Di sela beban kerja sebagai buruh migran, Etik Juwita menulis beragam cerpen yang menceritakan kehidupan sebenarnya para ’’pahlawan devisa”. Mengandalkan handphone atau menulis secara manual di buku.
DEBORA D. SITANGGANG, Jakarta, Jawa Pos
SUATU kali Etik Juwita pernah ditanya, ’’Benarkah TKW (tenaga kerja wanita)/TKI (tenaga kerja Indonesia) hidup bergelimang dolar (sehingga dijuluki pahlawan devisa)?”
Dan, buruh migran Indonesia (BMI) asal Blitar, Jawa Timur, itu, seperti diunggahnya di dinding Facebook-nya pada 21 Oktober lalu, menjawab, ’’Saya tidak paham yang dimaksud bergelimang dolar itu bagaimana ya...”
Ada penjelasan lanjutan di bawah jawaban pendek itu. Tapi, bertahun-tahun sebelumnya, lewat cerpen Bukan Yem yang dimuat Jawa Pos, dia menceritakan dengan gamblang betapa sumirnya sebutan pahlawan devisa tersebut.
’’Saya cerita (di Bukan Yem) bagaimana serombongan pekerja migran perempuan dari berbagai negara pulang kampung dan mengalami banyak pengompasan di sepanjang perjalanan.

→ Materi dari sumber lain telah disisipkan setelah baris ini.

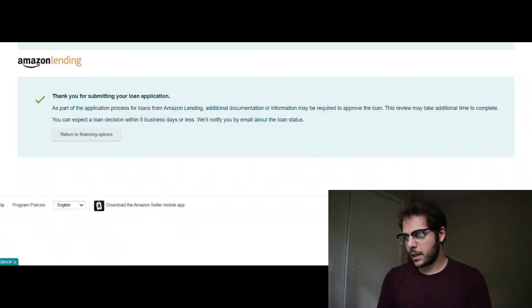That's really it for the application — you click Submit Application and we'll see what happens. After clicking submit, it says: 'Thank you for submitting your loan application. Additional documents or information may be required to approve your loan. This review may take additional time. You can expect a loan decision within five business days or less. We'll notify you by email about the loan status.' So now I sit and wait.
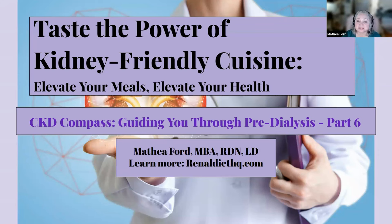Welcome to a world where flavor meets kidney-friendly goodness. In this video, we'll unveil some incredible meal planning ideas that'll make you forget you're eating for your kidneys. We're diving into the world of meal planning for chronic kidney disease, CKD. Let's talk about how we can create delicious meals while keeping our kidneys happy and healthy.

Jadi, ketika di negara penempatan susah sekali mendapatkan kisah indah, nyatanya ketika pulang pun, di negeri sendiri mereka masih mengalami nasib yang buruk,” tuturnya kepada Jawa Pos.
Sekarang bekerja di Taiwan, Etik mulai bekerja sebagai BMI di Hongkong pada 2003. Di sela-sela beban pekerjaan harian, dia terus merawat kecintaannya pada menulis.
Berbagai cerpennya yang bertutur tentang dunia buruh migran termuat di berbagai platform. Dan, pengalaman itulah yang turut dia bagikan dalam forum diskusi Sastra Diaspora Indonesia (Indonesia Writing Abroad) yang diadakan Yayasan Lontar dua pekan lalu (15/11). Dua pemateri lain di acara tersebut adalah Soe Tjen Marching dan Joss Wibisono.
Bagi alumnus Universitas Gajayana, Malang, tersebut, menulis adalah bagian dari upaya dia dan rekan-rekannya memperjuangkan berbagai isu terkait BMI. Misalnya, soal peningkatan kesejahteraan.
’’Keberadaan kami penting karena 130 ribu buruh migran (di Taiwan) turut membuat 130 ribu majikan bisa melakukan pekerjaan mereka dengan tenang. Ya, wajar dong kami menuntut perbaikan nasib,’’ terangnya.
Masa pematangan Etik sebagai penulis berlangsung di Hongkong. Bonari Nabonenar, sastrawan asal Trenggalek, Jawa Timur, disebutnya sebagai guru menulisnya.
Dari begitu banyak huruf dan realitas kehidupan para buruh migran di Hongkong yang dihimpunnya dalam berbagai cerita, karakter Tulkiyem salah satunya. Sesosok tokoh dalam cerita pendek slapstick atau semacam genre penulisan bergaya humor atau satir.